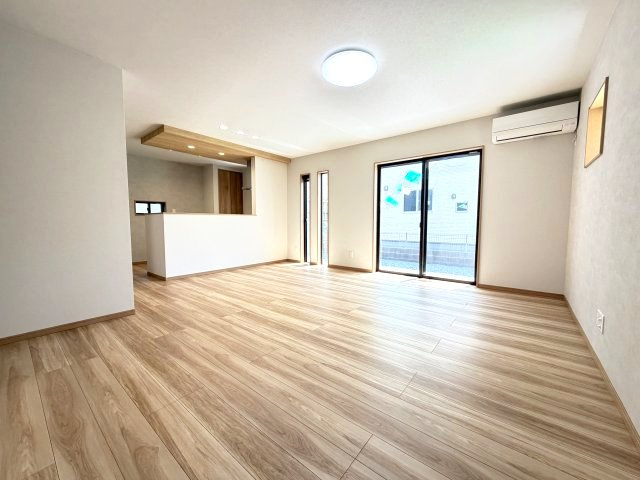 ワイウッドコート渋川市渋川第1期1号棟の居間・リビング|人気の対面式キッチンを配した空間はお好みの家具も合わせやすく、家族がくつろぐ快適な空間造りをサポート。窓からは明るい陽光が差し込みます。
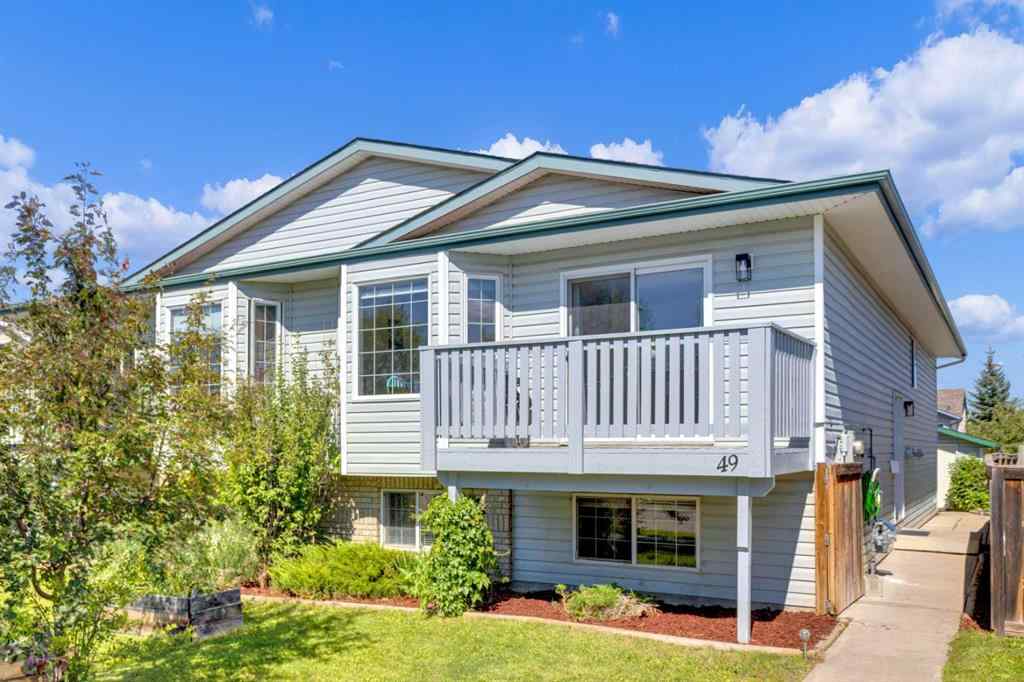 MLS® A2257332 - 49 Old Boomer Road  in Fox Run Sylvan Lake, Residential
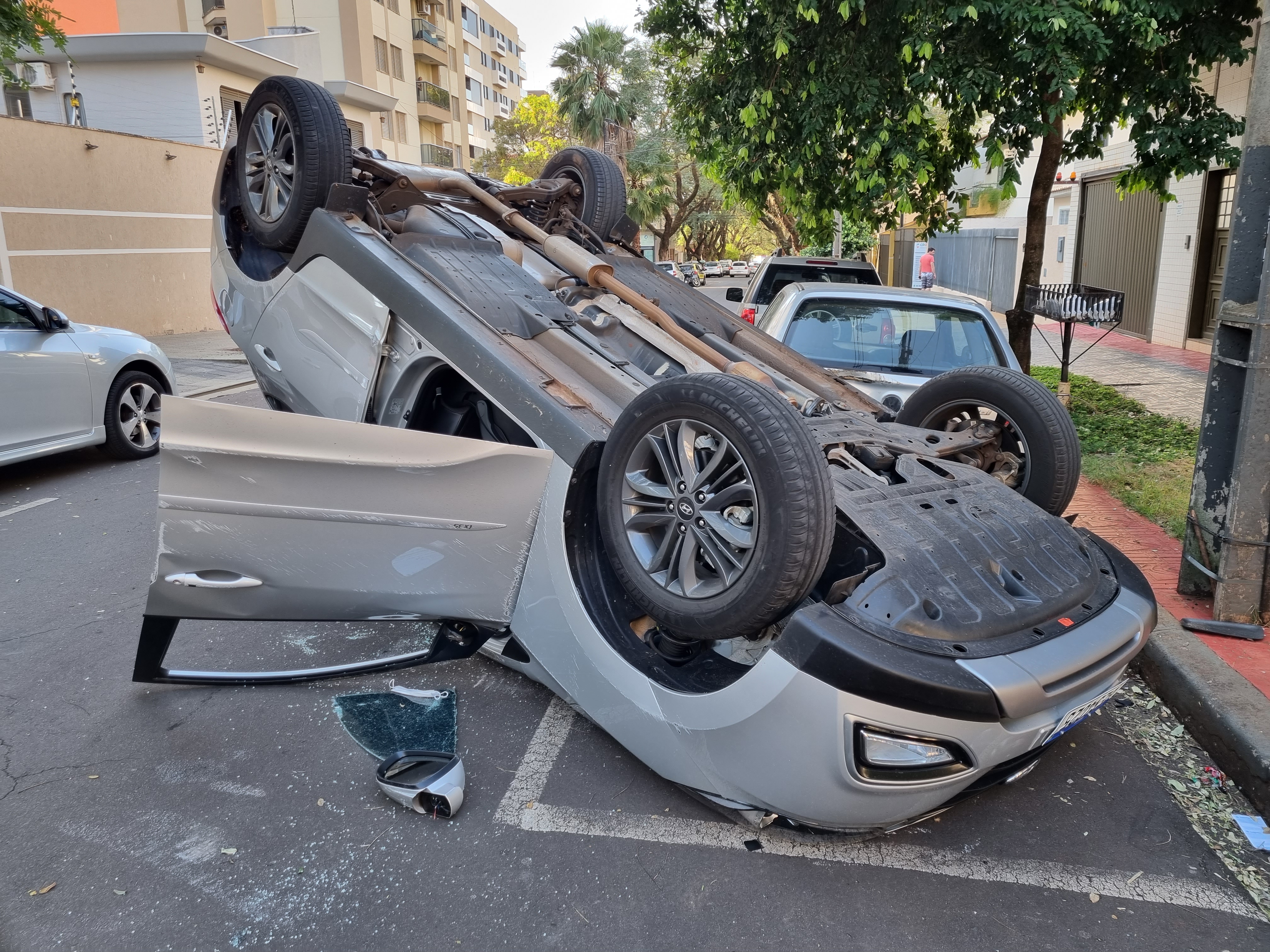 Mulher fica ferida ao capotar automóvel em cruzamento na zona 7 em Maringá.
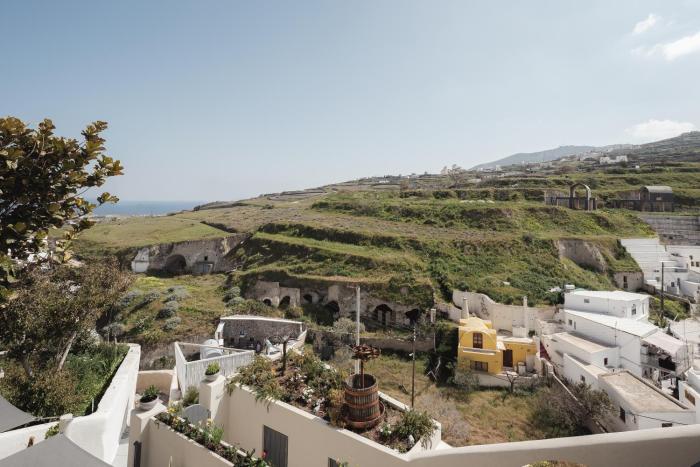 hotiday santorini mesaria
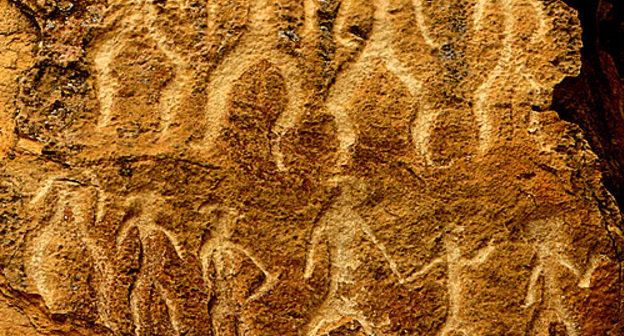 Петроглифы с изображением пляшущих людей на скалах заповедника Гобустан (Азербайджан). Фото с сайта http://ru.wikipedia.org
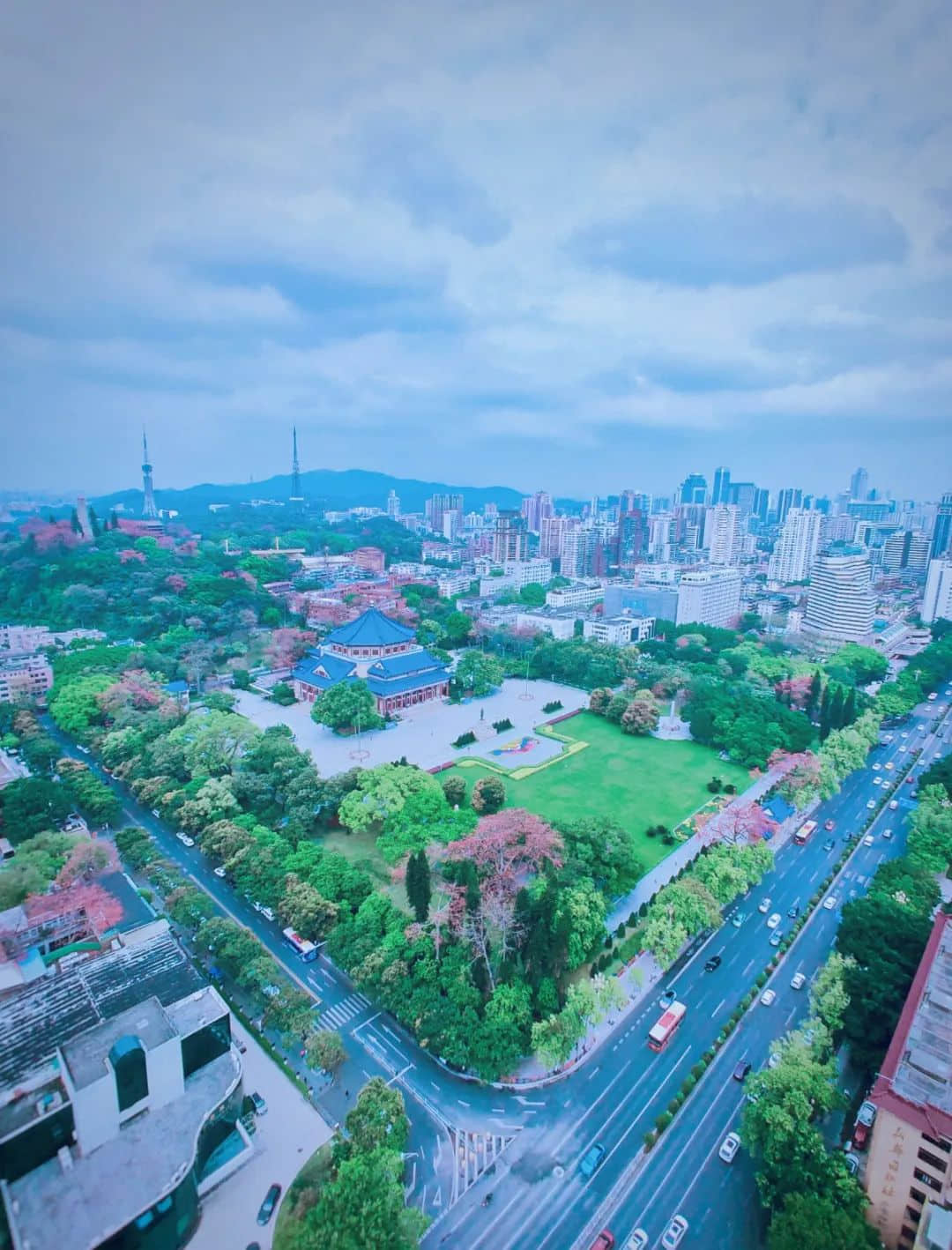 十贊英雄花，鉤沉陳恭伊 || 李建輝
::::::
*Try it:* Reproduce every record verbatim, please. Omit the images.

*Worked solution:*
 ワイウッドコート渋川市渋川第1期1号棟の居間・リビング|人気の対面式キッチンを配した空間はお好みの家具も合わせやすく、家族がくつろぐ快適な空間造りをサポート。窓からは明るい陽光が差し込みます。
 MLS® A2257332 - 49 Old Boomer Road  in Fox Run Sylvan Lake, Residential
 Mulher fica ferida ao capotar automóvel em cruzamento na zona 7 em Maringá.
 hotiday santorini mesaria
 Петроглифы с изображением пляшущих людей на скалах заповедника Гобустан (Азербайджан). Фото с сайта http://ru.wikipedia.org
 十贊英雄花，鉤沉陳恭伊 || 李建輝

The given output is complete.